Not Wile E. enough

Discussion in 'Varminter & Hunting Forum' started by Toby Bradshaw, Mar 22, 2016.

  1. Toby Bradshaw

    Toby Bradshaw Gold $$ Contributor

    Joined:
    Oct 31, 2008
    Messages:
    1,273
    On my way back from Austin TX to the Pacific Northwest I drove through some good-looking public land in SE NM. The short, sparse mesquite is quite a contrast to the Great Basin/Columbia Basin sagebrush that I normally hunt. I stopped in at Big 5 and bought a 4-day NM hunting license ($43). I had time to make one stand this evening, starting the FOXPRO just as the sun was setting (63F and calm). The coyotes in NM must be starving, despite a healthy population of black-tailed jackrabbits, because this female pup showed up in less than 3 minutes. She saw me swivel the rifle towards her as she stood facing me, and turned to run just as I touched the Jewell trigger. The 40gr NBT hit her right where the spine meets the pelvis, breaking her back, exploding her kidney (massive blood loss), and dropping her on the spot -- 79 yards from my stand under a mesquite.

    coyote kill 61.JPG

    coyote kill 61 entrance wound.JPG
     
    DHuffman likes this.
  2. Toby Bradshaw

    Toby Bradshaw Gold $$ Contributor

    Joined:
    Oct 31, 2008
    Messages:
    1,273
    You never know what will show up to "bay bee cottontail". At 75 yards the 40gr NBT from my 22BR is going about 3700 fps, scattering skunk parts across the landscape.

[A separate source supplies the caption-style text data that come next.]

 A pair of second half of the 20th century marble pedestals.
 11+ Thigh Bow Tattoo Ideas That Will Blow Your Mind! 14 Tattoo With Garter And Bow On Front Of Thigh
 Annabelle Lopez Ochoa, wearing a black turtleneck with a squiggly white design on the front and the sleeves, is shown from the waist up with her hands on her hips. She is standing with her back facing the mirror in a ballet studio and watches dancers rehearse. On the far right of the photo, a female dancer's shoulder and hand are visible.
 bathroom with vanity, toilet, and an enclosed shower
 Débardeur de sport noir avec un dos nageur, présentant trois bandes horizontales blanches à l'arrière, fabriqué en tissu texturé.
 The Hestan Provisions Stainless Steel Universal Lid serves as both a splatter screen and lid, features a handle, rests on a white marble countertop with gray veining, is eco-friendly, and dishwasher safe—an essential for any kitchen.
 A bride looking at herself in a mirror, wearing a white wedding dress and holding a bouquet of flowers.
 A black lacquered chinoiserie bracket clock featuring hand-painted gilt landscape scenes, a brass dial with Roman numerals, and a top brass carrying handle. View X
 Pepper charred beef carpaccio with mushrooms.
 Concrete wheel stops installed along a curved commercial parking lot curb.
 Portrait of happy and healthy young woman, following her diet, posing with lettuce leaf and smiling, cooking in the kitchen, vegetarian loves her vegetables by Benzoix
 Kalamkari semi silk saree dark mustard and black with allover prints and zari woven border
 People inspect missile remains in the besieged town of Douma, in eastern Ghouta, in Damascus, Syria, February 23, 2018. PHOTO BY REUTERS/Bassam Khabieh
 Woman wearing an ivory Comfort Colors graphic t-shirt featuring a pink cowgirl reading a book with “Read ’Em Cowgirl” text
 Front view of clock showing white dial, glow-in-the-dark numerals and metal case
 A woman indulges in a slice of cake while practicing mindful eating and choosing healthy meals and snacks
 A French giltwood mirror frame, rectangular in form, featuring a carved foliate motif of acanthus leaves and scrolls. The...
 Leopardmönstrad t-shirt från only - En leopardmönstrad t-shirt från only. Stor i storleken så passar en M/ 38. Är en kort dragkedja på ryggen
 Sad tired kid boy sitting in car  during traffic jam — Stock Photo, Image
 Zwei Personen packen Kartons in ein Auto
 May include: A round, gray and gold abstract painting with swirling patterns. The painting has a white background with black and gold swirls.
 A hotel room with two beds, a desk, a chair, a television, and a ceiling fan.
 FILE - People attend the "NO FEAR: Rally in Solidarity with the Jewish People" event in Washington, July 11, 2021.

    striped skunk kill 1.JPG
     
  3. Toby Bradshaw

    Toby Bradshaw Gold $$ Contributor

    Joined:
    Oct 31, 2008
    Messages:
    1,273
    It was foggy this morning in SE NM, but at least the wind was minimal for a change. My boots and pant legs got soaked from the heavy dew on the way to my stand. I set up the Bog-Pod next to a short mesquite bush and put the FOXPRO downhill about 50 yards away at the top of a shallow draw where I expected coyotes to approach. This young adult male got to the caller within a minute -- he must have been very close when I started calling. I could barely see his outline through the fog even though he was only 112 yards away. The 40gr NBT broke his left front leg at the elbow and blew some bullet and bone fragments into his chest cavity, but it took a second shot to put him down for good even though he never moved from the spot where I shot him.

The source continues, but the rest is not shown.